▸ TASK STATEMENT
Drop all pictures and repeat exactly the lines from the line holding "A modern living" through the end of the records.

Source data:
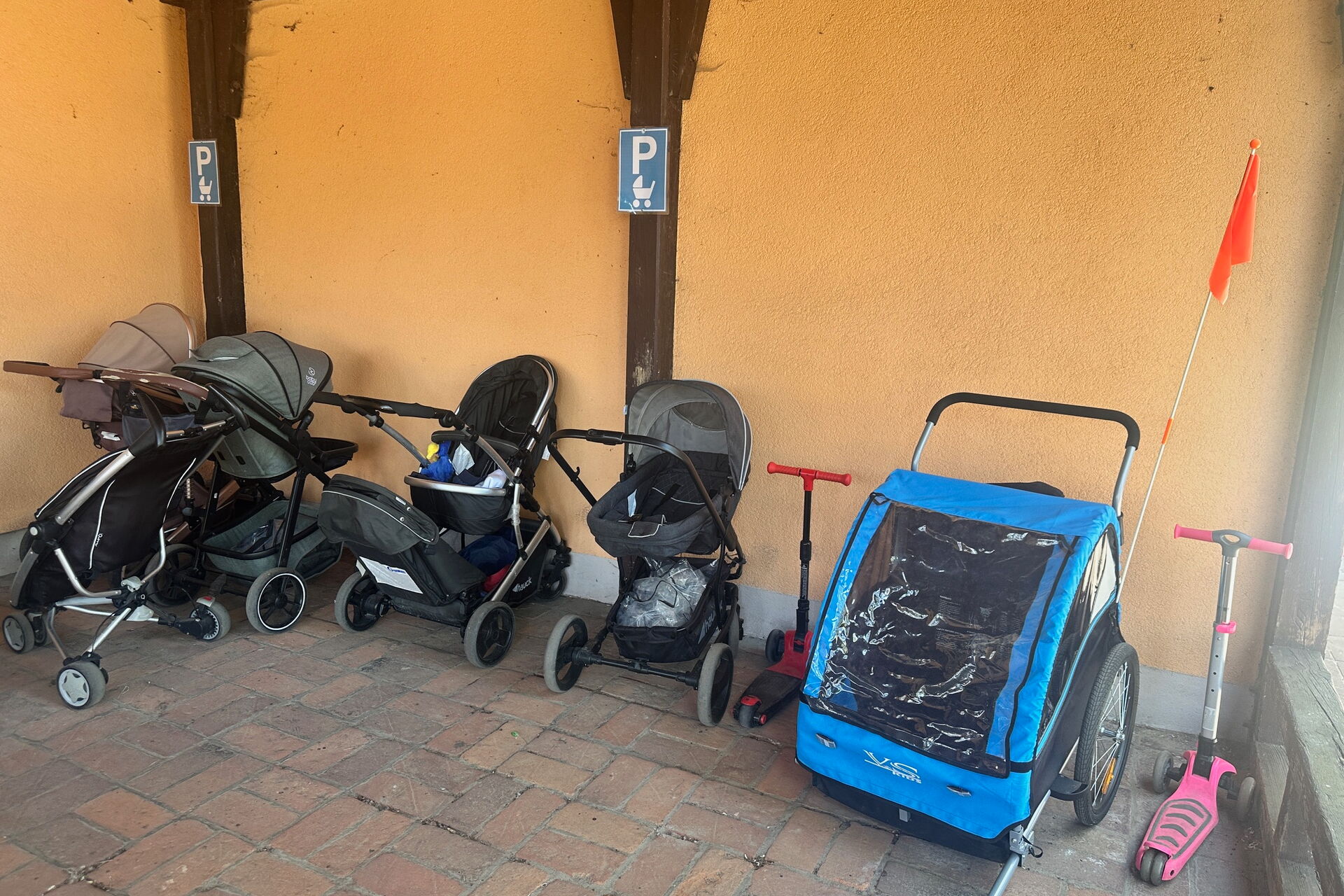 Kinderwagen Parkplatz mit Schild dafür gekennzeichnet. 5 Kinderwägen, ein Kinderfahrradanhänger und 2 Kinderroller parken dort.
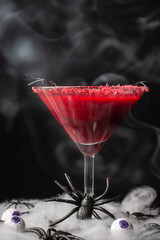 Close-up of cherry cocktail for Halloween with smoke, on table with spiders and eyes, selective focus, black background, vertical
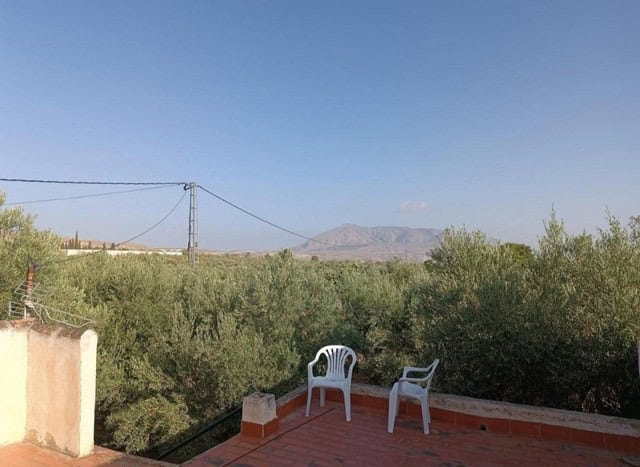 Rural property with terrace overlooking lush greenery and distant mountains in Baza, Granada. Perfec.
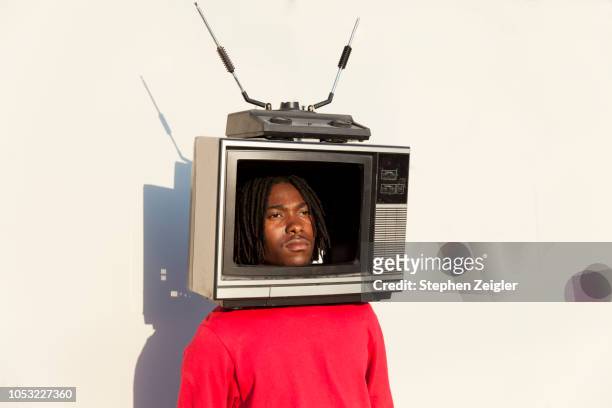 portrait of a young man with a tv set on his head - television host stock pictures, royalty-free photos & images
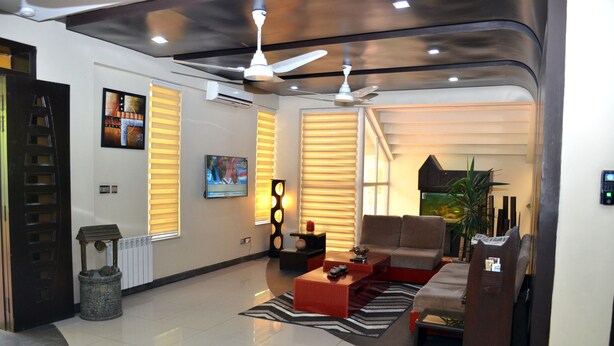 A modern living room with a sofa, coffee table, and decorative items. There are ceiling fans, a fireplace, and a large window with blinds. - Gofas Lodge (Islamabad)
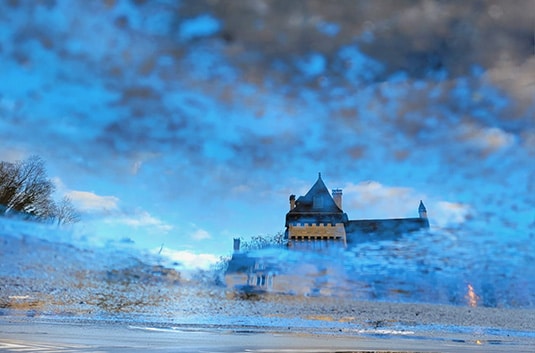 Paysage avec une maison vue à travers l’eau évoquant les perceptions et émotions en mouvement dans la relation de couple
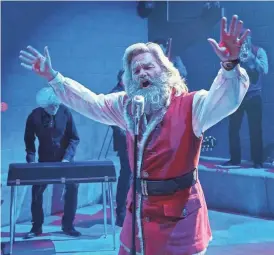  ??  ?? Santa jams with a prison soul band. “He’s out there with a purpose, and it’s not just to give gifts away,” Russell says.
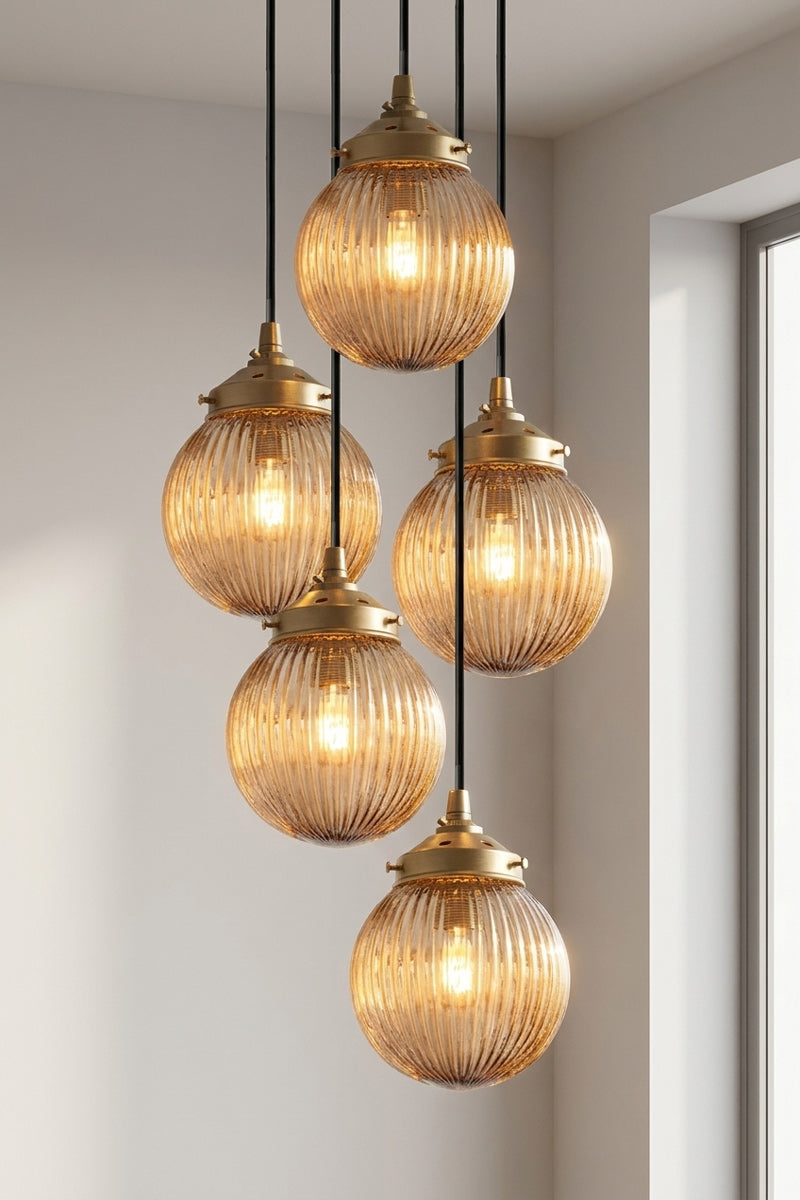 5 drop multi pendent with dark amber reeded glass ball shades.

▸ ANSWER FOR THE TASK
 A modern living room with a sofa, coffee table, and decorative items. There are ceiling fans, a fireplace, and a large window with blinds. - Gofas Lodge (Islamabad)
 Paysage avec une maison vue à travers l’eau évoquant les perceptions et émotions en mouvement dans la relation de couple
  ??  ?? Santa jams with a prison soul band. “He’s out there with a purpose, and it’s not just to give gifts away,” Russell says.
 5 drop multi pendent with dark amber reeded glass ball shades.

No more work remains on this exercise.